> DESCRIPTION OF THE TASK
The material below holds pictures, which are to be left out; copy exactly the lines from the one with "Altis Avenida, member" through the one with "Makita BL1830 21700".

> DATA EXTRACTS
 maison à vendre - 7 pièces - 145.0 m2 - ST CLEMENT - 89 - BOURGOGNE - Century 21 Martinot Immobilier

--

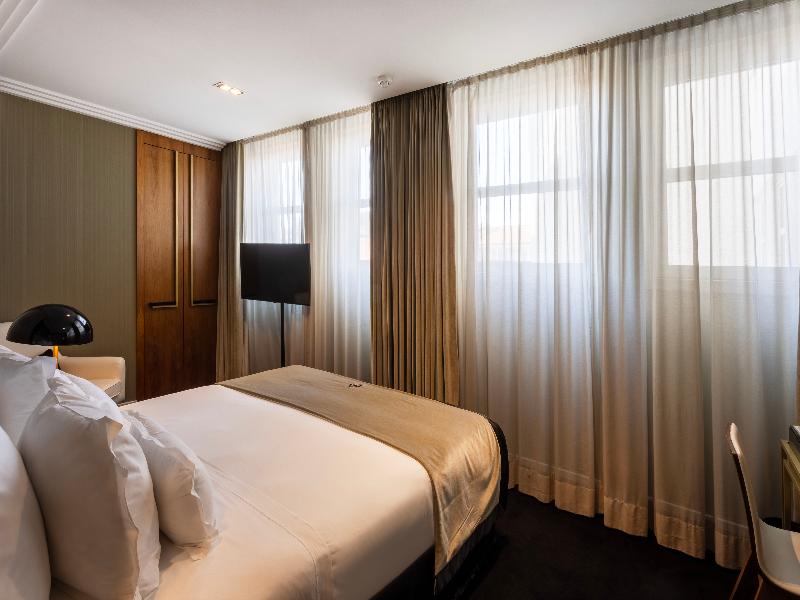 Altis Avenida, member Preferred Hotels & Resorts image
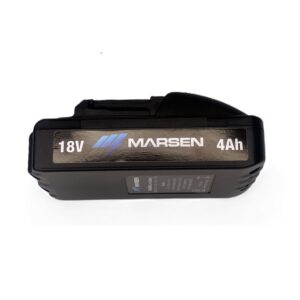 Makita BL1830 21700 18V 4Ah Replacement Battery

> REPLY TO THE EXERCISE
 Altis Avenida, member Preferred Hotels & Resorts image
 Makita BL1830 21700 18V 4Ah Replacement Battery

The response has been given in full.